= Task directions =
Your copy starts at the line containing "G.Skill | Trident" and ends at the last line below. Copy exactly, without pictures.
╭──
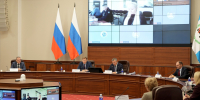 Полпред контролирует подготовку Бодайбо к зиме - Газета Хакасия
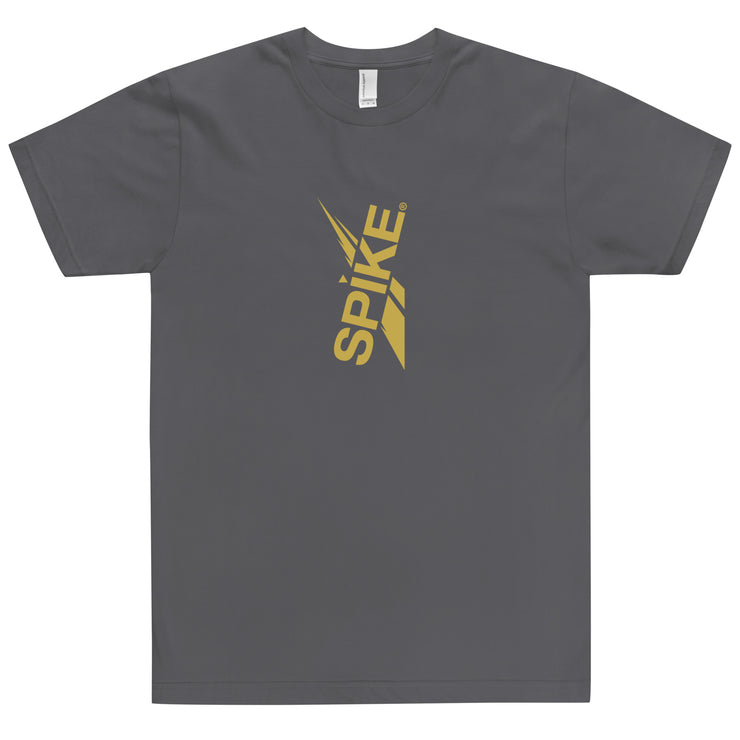 SPIKE T-Shirt - Brass Logo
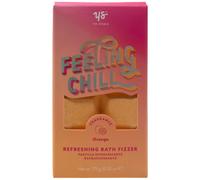 Yes Studio Feeling Chill Refreshing Bath Fizzer Orange
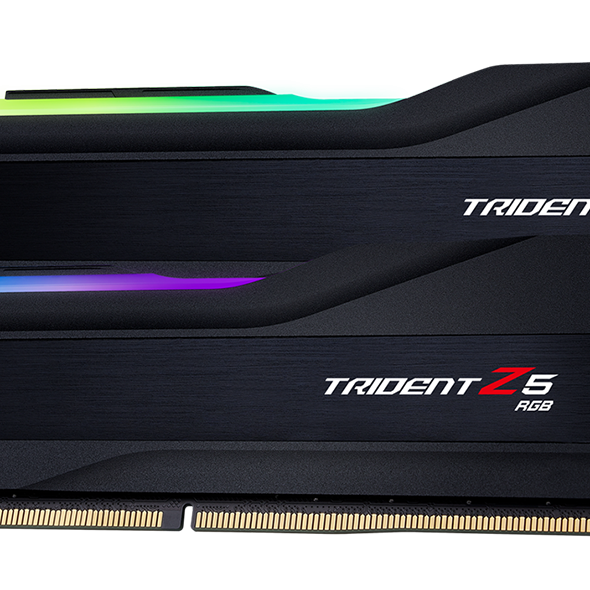 G.Skill | Trident Z5 RGB | 32 GB | DDR5 | 5600 MHz | PC/servers | Reģistrēts Nē | ECC Nē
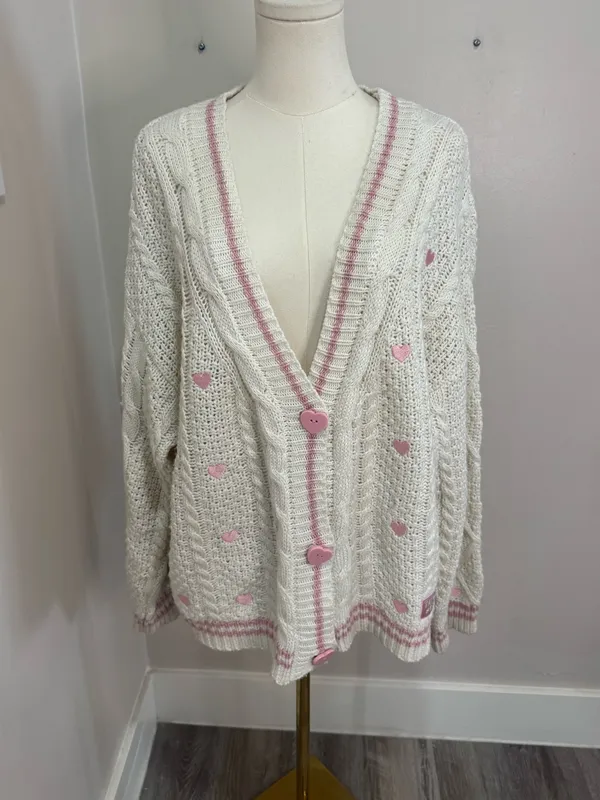 Taylor Swift Lover Cardigan M/L‎ - Image 2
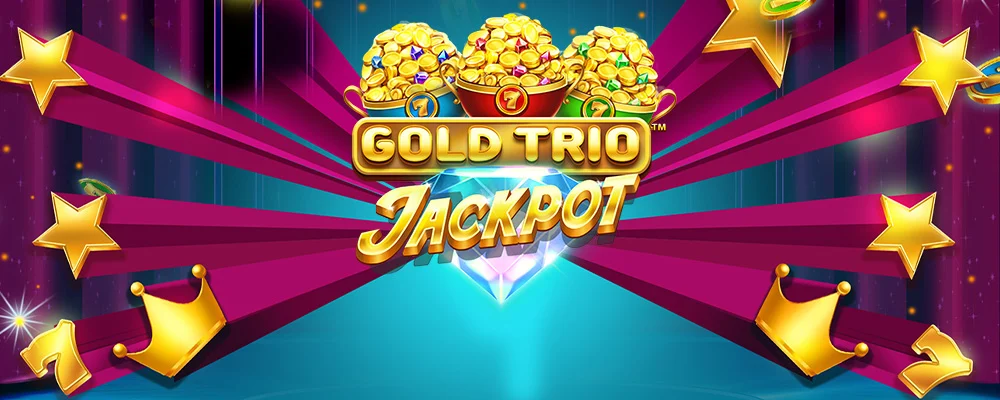 43 licor Jackpot do Trio de Ouro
╰──
= Response to this task =
 G.Skill | Trident Z5 RGB | 32 GB | DDR5 | 5600 MHz | PC/servers | Reģistrēts Nē | ECC Nē
 Taylor Swift Lover Cardigan M/L‎ - Image 2
 43 licor Jackpot do Trio de Ouro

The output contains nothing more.